Pravind Kumar Jugnauth (born 25 December 1961) is a Mauritian politician serving as the prime minister of Mauritius since January 2017. Jugnauth has been the leader of the Militant Socialist Movement (MSM) party since April 2003. He has held a number of ministerial portfolios and also been Leader of the Opposition.

Early life and education 
Born on 25 December 1961 in La Caverne, a suburb area in Vacoas-Phoenix, Mauritius, Jugnauth was born into a Hindu Yaduvanshi Ahir family. He was born to Anerood Jugnauth, a barrister, and Sarojini Ballah, a schoolteacher. He has an elder sister, Shalini Jugnauth-Malhotra.

After primary schooling at Aryan Vedic, he studied at Royal College Curepipe. He then went on to study law at the University of Buckingham, thus joining the Lincoln's Inn, and became a barrister. He then joined Aix-Marseille University in France where he graduated with a "diploma in civil law."

Family life 
Pravind Jugnauth married Kobita Ramdanee in 1992 and is the father of three daughters: Sonika, Sonali and Sara.

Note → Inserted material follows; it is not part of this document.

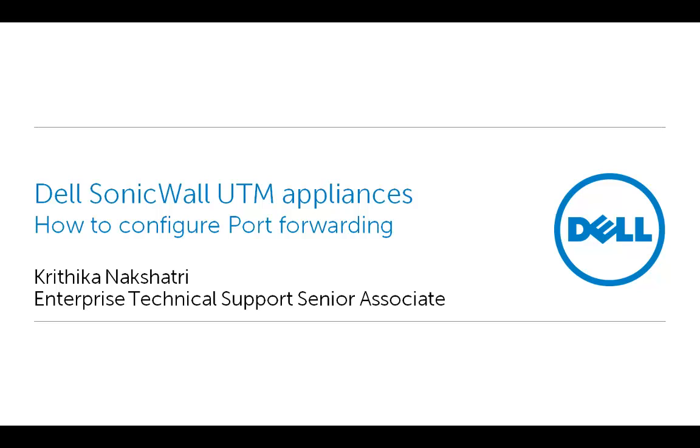Welcome to Dell SonicWall video solutions. My name is Kritika Nakshatri and I'm an enterprise technical support senior associate with Dell SonicWall. Today we will demonstrate how to configure port forwarding, in other words, how to allow access to an internal web server on a specific port from the outside world.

Start of political career 
Pravind Jugnauth entered the political arena in 1987 and officially joined the MSM in 1990.

2000 to 2005

As Minister of Agriculture from 7 September 2000 to 7 October 2003 (under MSM-MMM government), Jugnauth reformed the sugar sector by diversification with the production of ethanol, agricultural rhum, special sugars, electricity generation from bagasse and other high value-added products. Besides production costs were significantly reduced in response to a drop in the protected sugar price under the Sugar Protocol with the European Union. He also negotiated a package for workers under the Voluntary Retirement Scheme which enabled around 8000 workers to retire with cash compensation exceeding 2.5  billion rupees and around 825 arpents of land worth 3  billion rupees.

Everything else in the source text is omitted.